Construction of efficient solid emitters with conventional and AIE luminogens for blue organic light-emitting diodes

9,9-Bis(9-heptyl-3-carbazolyl) fluorenes (BPyBCF, BAnBCF, BTPABCF, and BTPEBCF, where B = Bis, Py = pyrene, C = carbazole, F = fluorene, An = anthracene, TPA = triphenylamine, and TPE = tetraphenylethene) with different chromophoric units at the 2,7-positions are synthesized in moderate to high yields (52-89%) by Suzuki coupling reactions of 9,9-bis(9-heptyl-3-carbazolyl)-2,7-dibromofluorene with the corresponding arylboronic acid and utilized as active layers for the construction of blue organic light-emitting diodes (OLEDs). BPyBCF, BAnBCF and BTPABCF emit intense blue light with high fluorescence quantum yields (Phi(F) = 75-94%) in solution. However, they exhibit much lower Phi(F) values (30-61%) in the film state, revealing that aggregate formation has quenched their light emission. On the contrary, BTPEBCF is weakly emissive in solution (Phi(F) = 0.3%) but becomes a strong emitter (Phi(F) = 100%) when fabricated into solid film, demonstrating a phenomenon of aggregation-induced emission (AIE). Restriction of intramolecular rotation and suppression of intermolecular interactions due to the propeller-like tetraphenylethene unit are responsible for the AIE phenomenon. All the luminogens are thermally and morphologically stable, showing high glass-transition (T-g = 109-147 degrees C) and thermal-degradation temperatures (T-d = 396-478 degrees C).
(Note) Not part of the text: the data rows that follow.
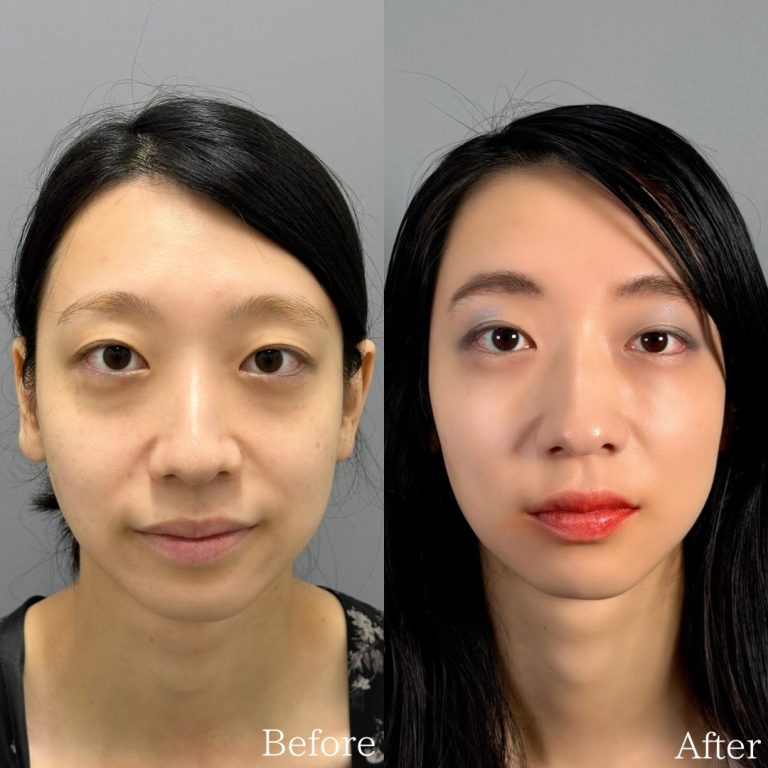 切らない目の下のクマ取り・目の下のたるみ（ふくらみ）取り(担当医:佐野 孝治 医師)の症例写真1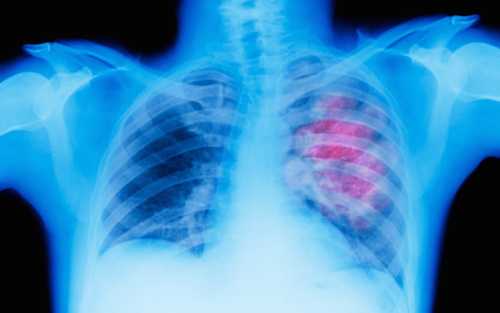 New Biomarker Can Predict Survival Outcomes in NSCLC Patients
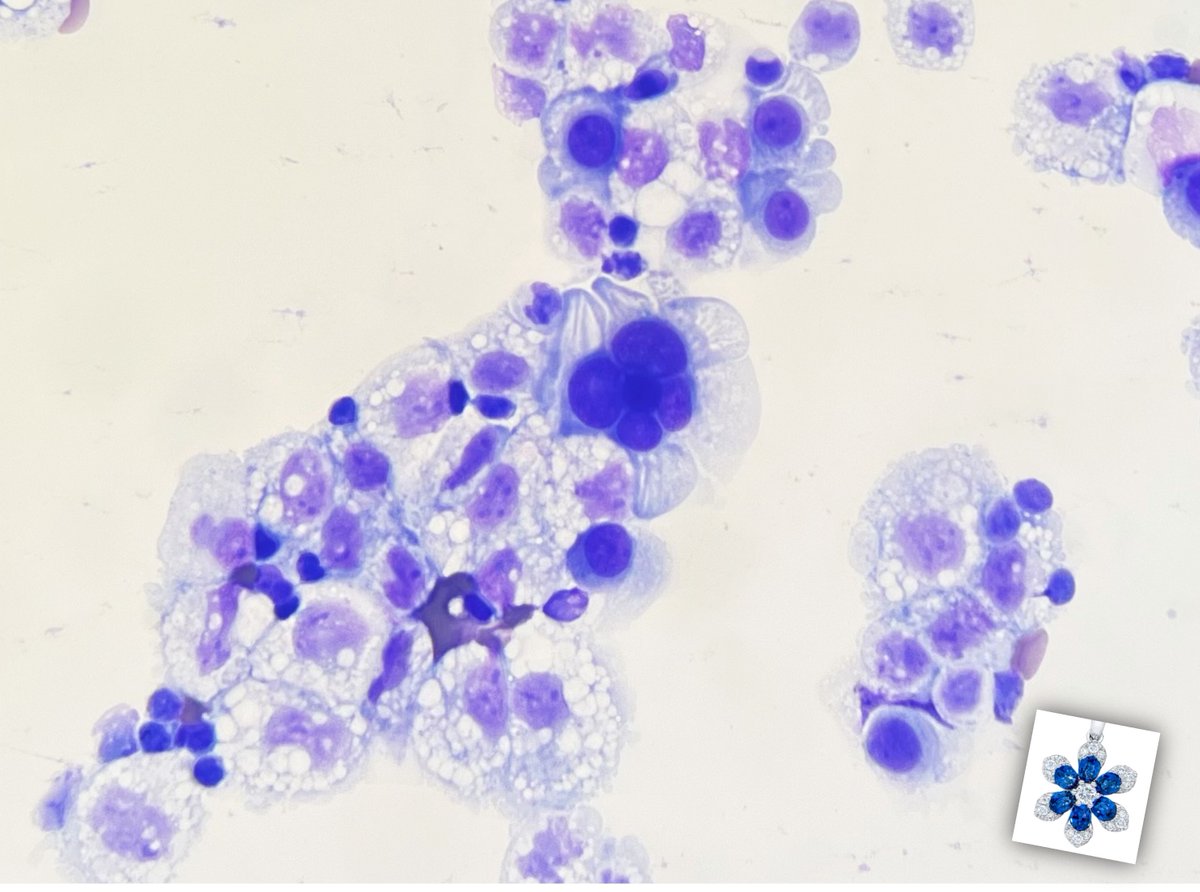 FridaRosenblum's tweet image. A beautiful cytopathology flower. Pleural fluid; metastatic carcinoma. #pathart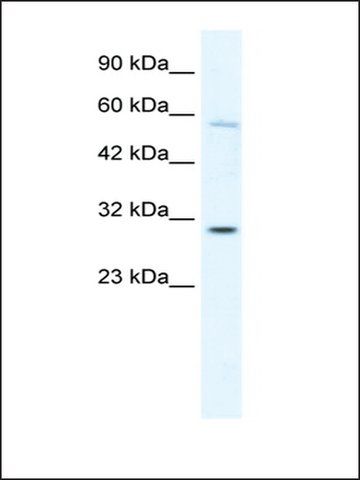 Anti-GATAD1 antibody produced in rabbit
Non-doped OLEDs using BPyBCF, BAnBCF, and BTPABCF as light-emitting layers are constructed, which give blue electroluminescence with maximum current (eta(C,max)) and external quantum (eta(ext,max)) efficiencies of 4.8 cd A(-1) and 2.3%. With the same device configuration, BTPEBCF shows higher eta(C,max) and eta(ext,max) values of 7.9 cd A(-1) and 2.9%, respectively, thanks to its AIE feature.